Task directions:
Line by line, copy the records below exactly and leave the pictures out.

Record excerpts:
================================
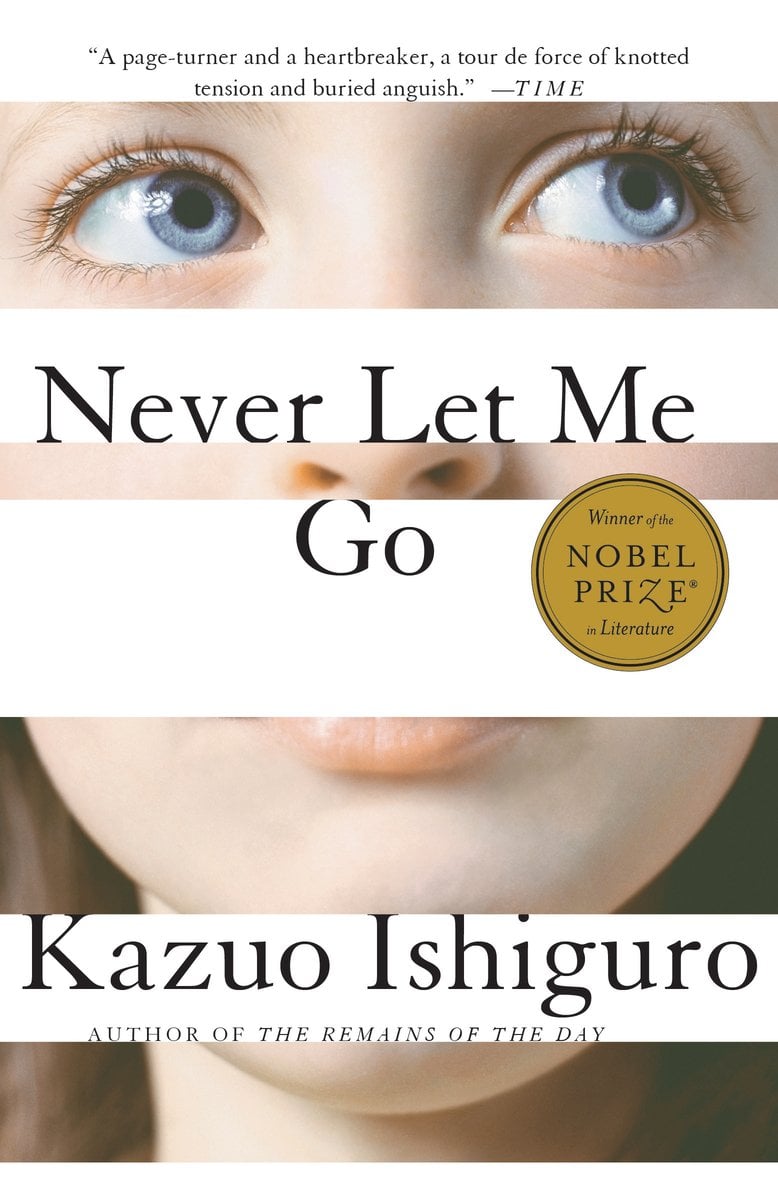 Never Let Me Go by Kazuo Ishiguro, a fiction book cover. A close up of a young, blonde, blue-eyed girl with three white sections (the bridge of her nose, her upper lip, and her chin) intersecting her face.
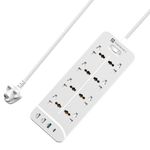Portronics Power Plate 23 Extension Board with 20W Type-C PD Charging, 8 Universal Sockets, 3 USB Ports, 3 Meter Long Cord, 2500 Watts, Multi Plug for Home Appliances & Office (White)
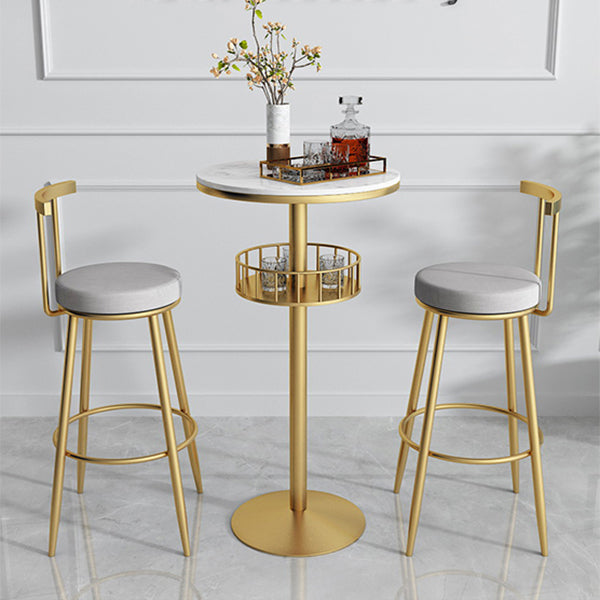 Nordic Artificial Marble Bar Table 42-inch Height Metal Base Bistro Table Clearhalo 'Bar Furniture' 'Bar Tables' 'bar_tables' 'Furniture' 'furniture_bar_tables' 'Kitchen & Dining Furniture' 'kitchen&dining_furn' 'kitchen' 4240169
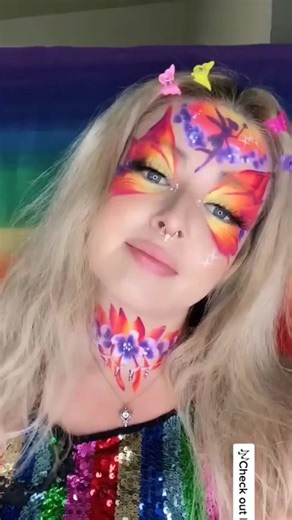 Colorful Face Paint Tutorial with Rainbow Collection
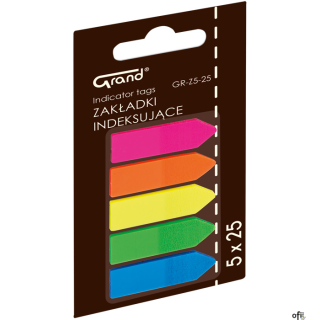 Zakładki indeksujące GRAND GR-Z5-25, strzałki 5 kol., 45 x 12 mm 150-1417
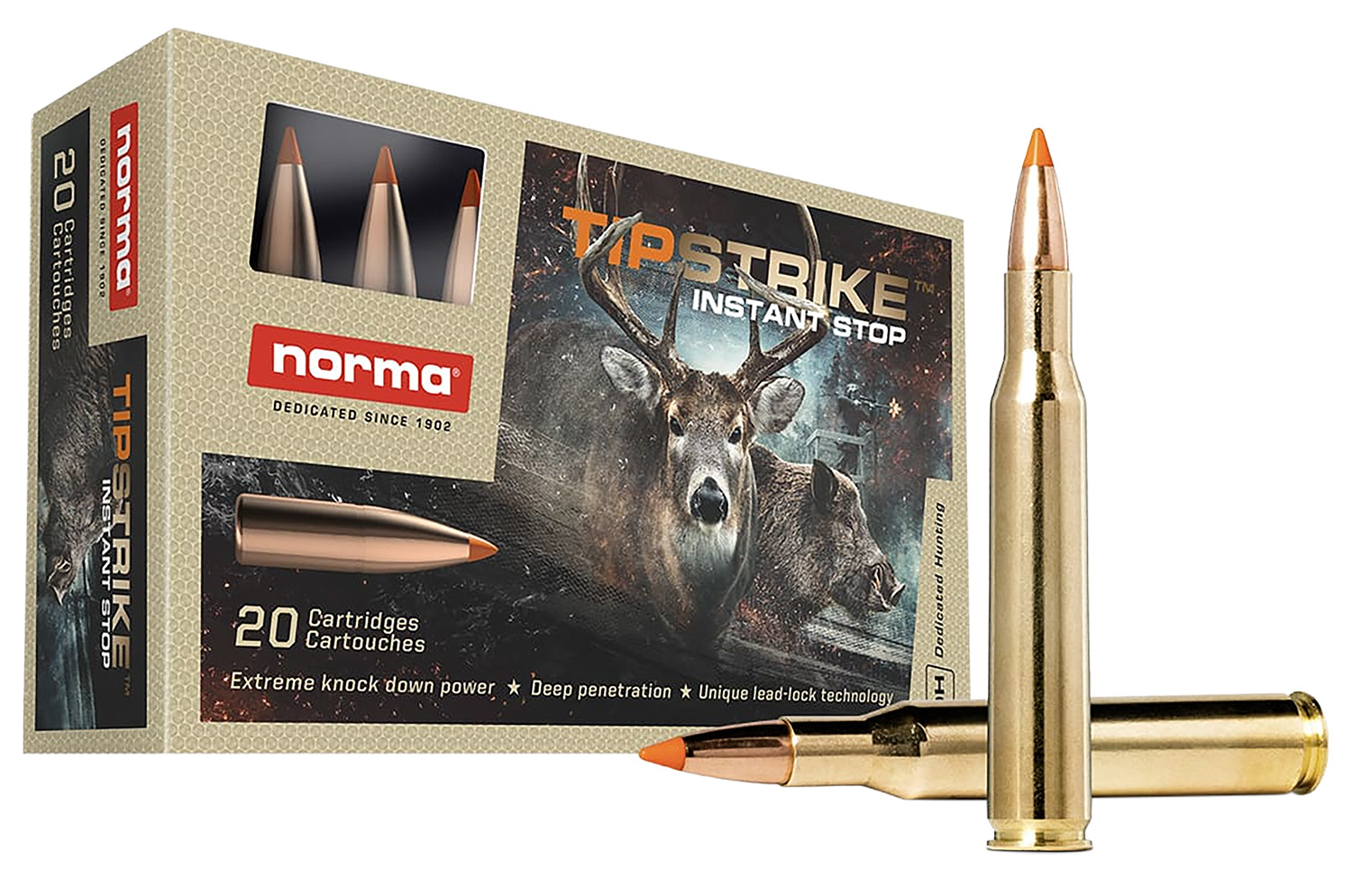 Norma 20169292 Tipstrike .270 Win 140gr Polymer Tip Hunting Ammo 20 Rds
================================
Solution below:
 Never Let Me Go by Kazuo Ishiguro, a fiction book cover. A close up of a young, blonde, blue-eyed girl with three white sections (the bridge of her nose, her upper lip, and her chin) intersecting her face.
Portronics Power Plate 23 Extension Board with 20W Type-C PD Charging, 8 Universal Sockets, 3 USB Ports, 3 Meter Long Cord, 2500 Watts, Multi Plug for Home Appliances & Office (White)
 Nordic Artificial Marble Bar Table 42-inch Height Metal Base Bistro Table Clearhalo 'Bar Furniture' 'Bar Tables' 'bar_tables' 'Furniture' 'furniture_bar_tables' 'Kitchen & Dining Furniture' 'kitchen&dining_furn' 'kitchen' 4240169
 Colorful Face Paint Tutorial with Rainbow Collection
 Zakładki indeksujące GRAND GR-Z5-25, strzałki 5 kol., 45 x 12 mm 150-1417
 Norma 20169292 Tipstrike .270 Win 140gr Polymer Tip Hunting Ammo 20 Rds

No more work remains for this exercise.